It's not clear from your messages if you're running the server in debugging mode for these tests. If you are, the possible outcomes are: 1) it doesn't receive the packet. This usually means firewall issues. 2) it receives the packet, and doesn't respond. Debug output explains why. 3) it receives the packet and responds, but the client doesn't see the response. This usually means firewall issues.
It does respond to localhost, it does not respond to the network address. That's where the problem lies, that I am trying to figure out.
As always, READ the debug output. From your messages it looks like you are NOT looking at the debug output when you send requests from outside of localhost. Alan DeKok.
Hi Alan, OK, you pointed me in the right direction. I did run radius in debug and came up with no errors as shown in a previous message to the list that was cut from this continuation. What I didn't realize nor think of, is that I could run radtest against the debug run. Every reference to debug mode simply indicated to run in debug, check if there were errors, and the ctrl-X and run freeradius again in standard mode. So I ran freeradius in debug mode an then ssh'd into the server again in another instance. Ran radtest again and found these output results:
rad_recv: Access-Request packet from host 192.168.3.199:41953, id=15, length=56 Ignoring request from unknown client 192.168.3.199:41953 --- Walking the entire request list --- Nothing to do. Sleeping until we see a request.
unh-hunh... FR was getting the request, and IGNORING IT... so the client never knew that FR had received the request. Great for security (looks like the port was closed), so that pointed me in the wrong direction, thinking it wasn't open or getting requests. Anyhow, I changed the clients.conf to include the external IP of the server, ran the test again, and it worked as expected:
root@server3:/home/kevin# radtest fred wilma 192.168.3.199 1812 mysecret Sending Access-Request of id 60 to 192.168.3.199 port 1812 User-Name = "fred" User-Password = "wilma" NAS-IP-Address = 255.255.255.255 NAS-Port = 1812 rad_recv: Access-Reject packet from host 192.168.3.199:1812, id=60, length=20 rad_verify: Received Access-Reject packet from client 192.168.3.199 port 1812 with invalid signature (err=2)! (Shared secret is incorrect.)
Thanks to all helping me figure this out... Cheers, Kevin On Sat, 2008-12-13 at 08:45 +0100, Alan DeKok wrote:
kevin wrote:
I'm using fake data to send to the radius server.

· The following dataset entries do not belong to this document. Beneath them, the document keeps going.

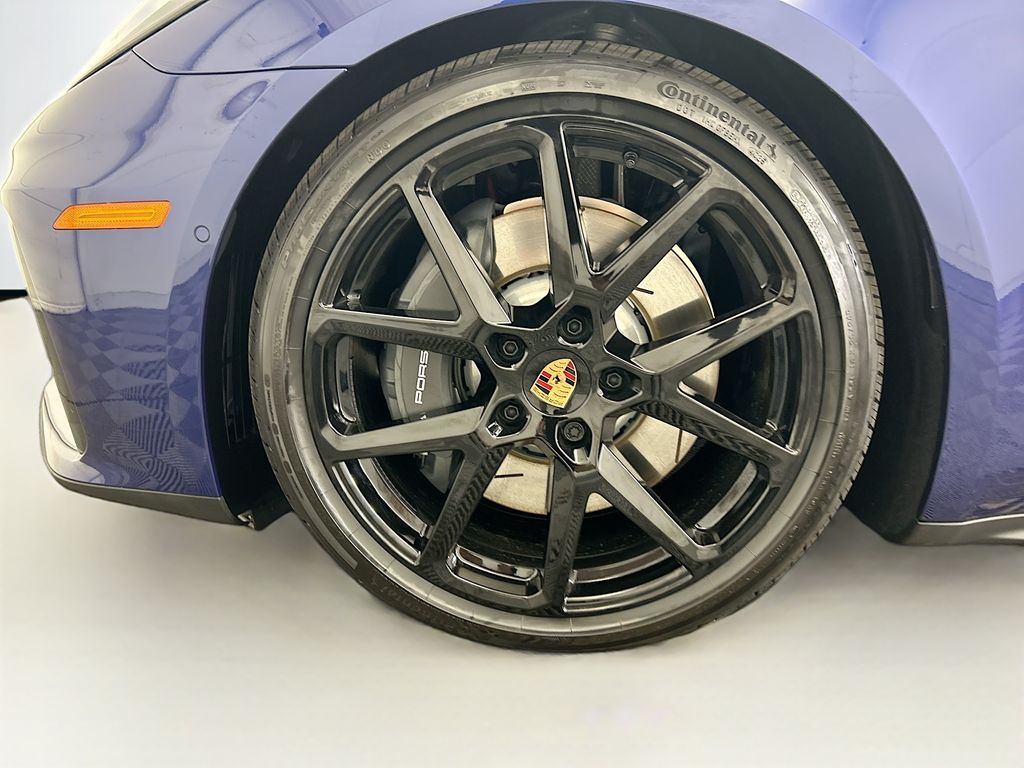 Thumbnail: 2026 Porsche Panamera - 31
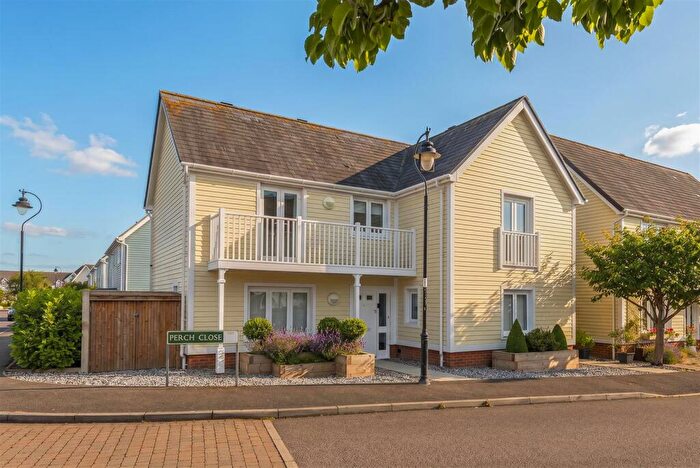 4 Bedroom Detached House For Sale In Perch Close, Larkfield, ME20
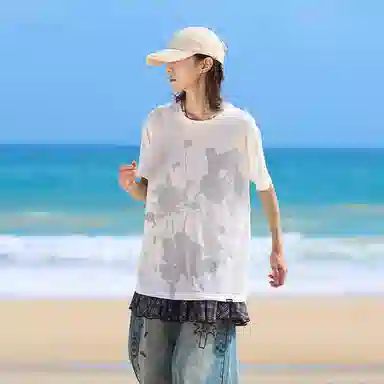 Madgood Floral Print T-Shirt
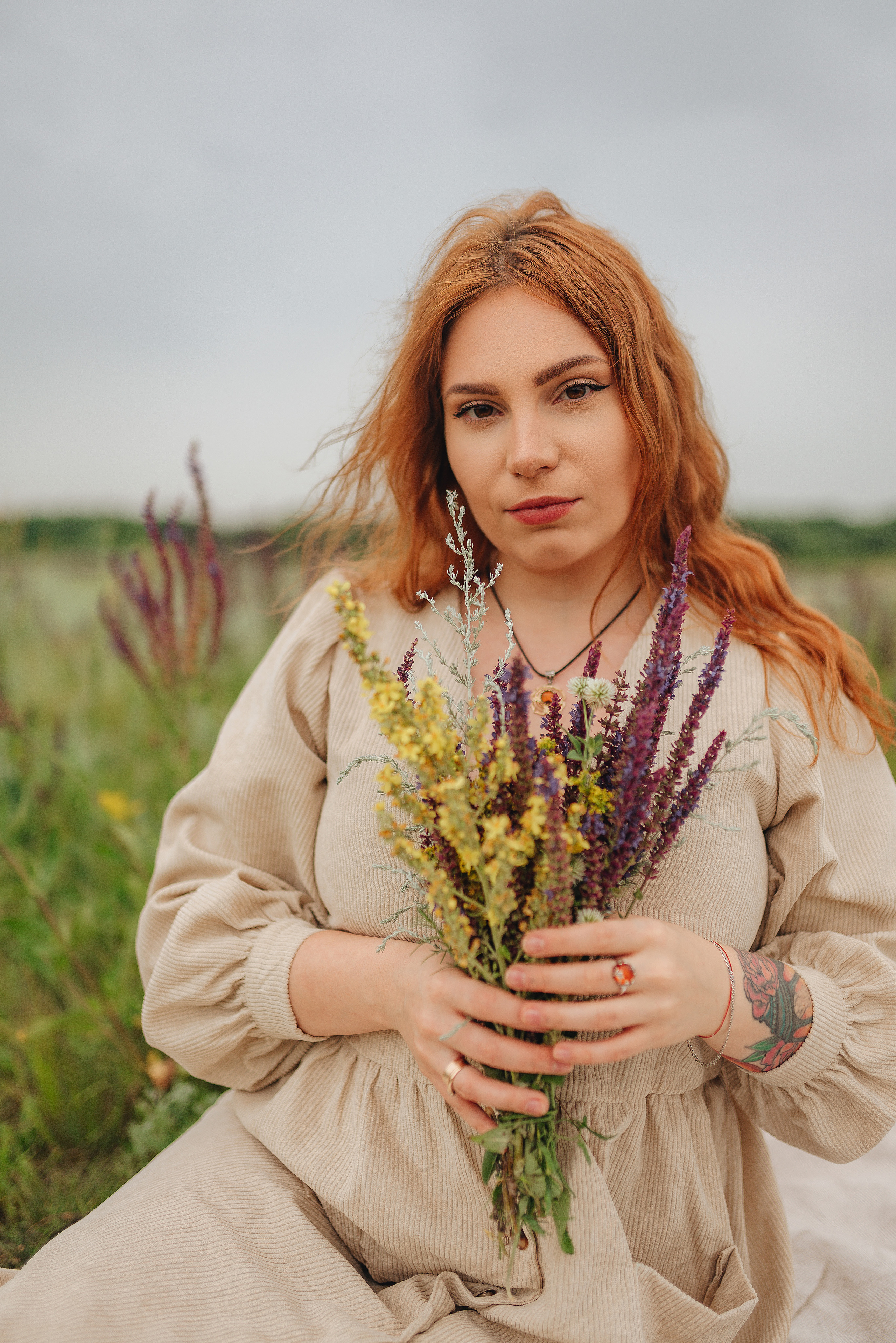 Надежда | Съемка в поле. Фотограф Карина Шмулёва. Воронеж и область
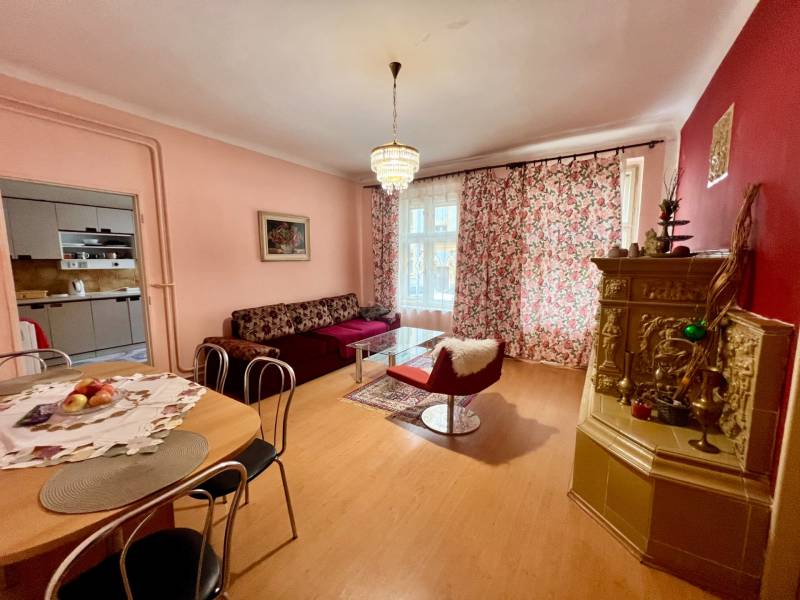 Spacious 3-bedroom apartment on Mestská Street in Bratislava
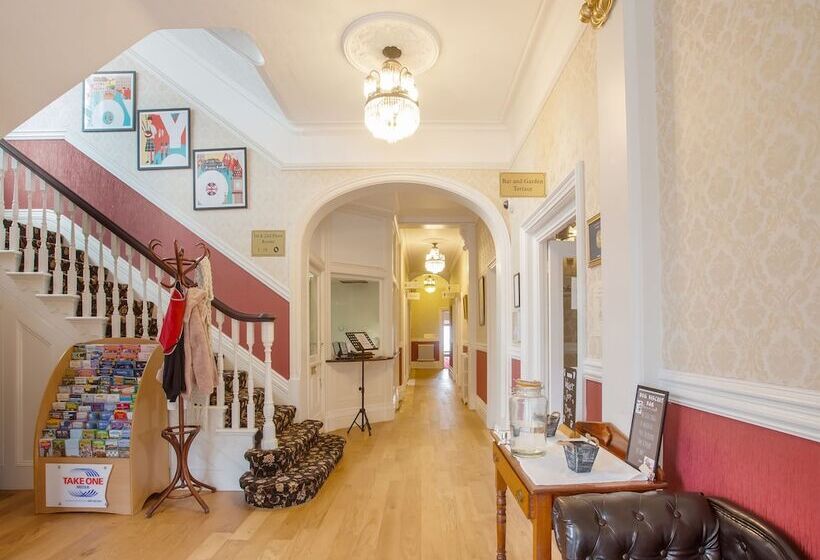 בית מלון כפרי The Manor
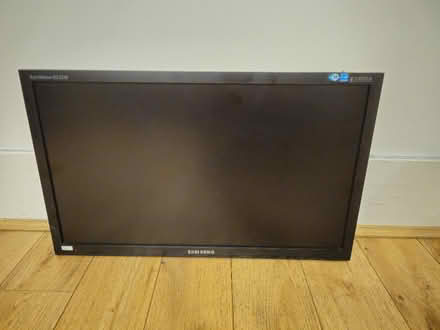 Photo of free Samsung PC monitor (SE20) #3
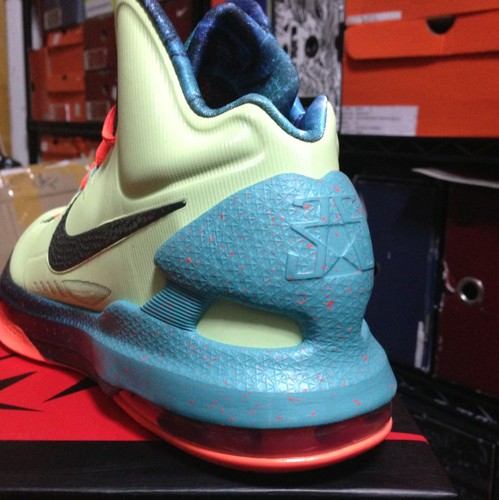 nike-kd-v-5-area-72-5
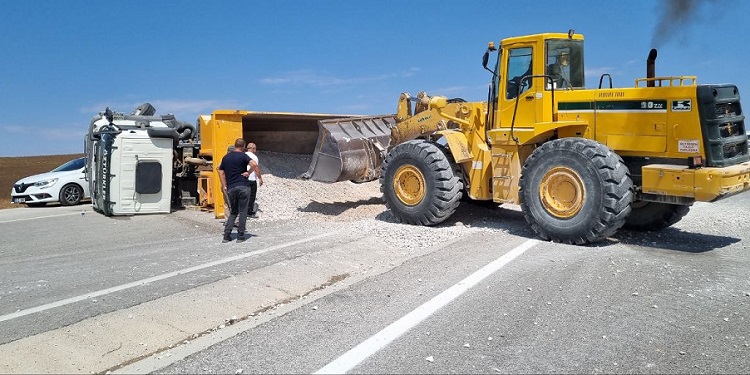 Devrilen kamyonun sürücüsü yaralandı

I do not care if it passes or fails. I simply want the server to respond when I send a message to x.x.3.199 (the network address of the machine) just as it does when I send a request to the localhost address on the machine.
It's not clear from your messages if you're running the server in debugging mode for these tests. If you are, the possible outcomes are:
1) it doesn't receive the packet. This usually means firewall issues.
2) it receives the packet, and doesn't respond. Debug output explains why.
3) it receives the packet and responds, but the client doesn't see the response. This usually means firewall issues.
It does respond to localhost, it does not respond to the network address. That's where the problem lies, that I am trying to figure out.
As always, READ the debug output. From your messages it looks like you are NOT looking at the debug output when you send requests from outside of localhost.
Alan DeKok. - List info/subscribe/unsubscribe? See http://www.freeradius.org/list/users.html
kevin wrote:
What I didn't realize nor think of, is that I could run radtest against the debug run. Every reference to debug mode simply indicated to run in debug, check if there were errors, and the ctrl-X and run freeradius again in standard mode.
The intent of the debug output is to run *all* of your tests with debugging output on. Otherwise, you're running tests where you completely ignore the output of the server.
So I ran freeradius in debug mode an then ssh'd into the server again in another instance. Ran radtest again and found these output results:
rad_recv: Access-Request packet from host 192.168.3.199:41953, id=15, length=56 Ignoring request from unknown client 192.168.3.199:41953 --- Walking the entire request list --- Nothing to do. Sleeping until we see a request.
unh-hunh... FR was getting the request, and IGNORING IT...
That's how RADIUS works. It accepts requests only from known client.
so the client never knew that FR had received the request. Great for security (looks like the port was closed), so that pointed me in the wrong direction, thinking it wasn't open or getting requests.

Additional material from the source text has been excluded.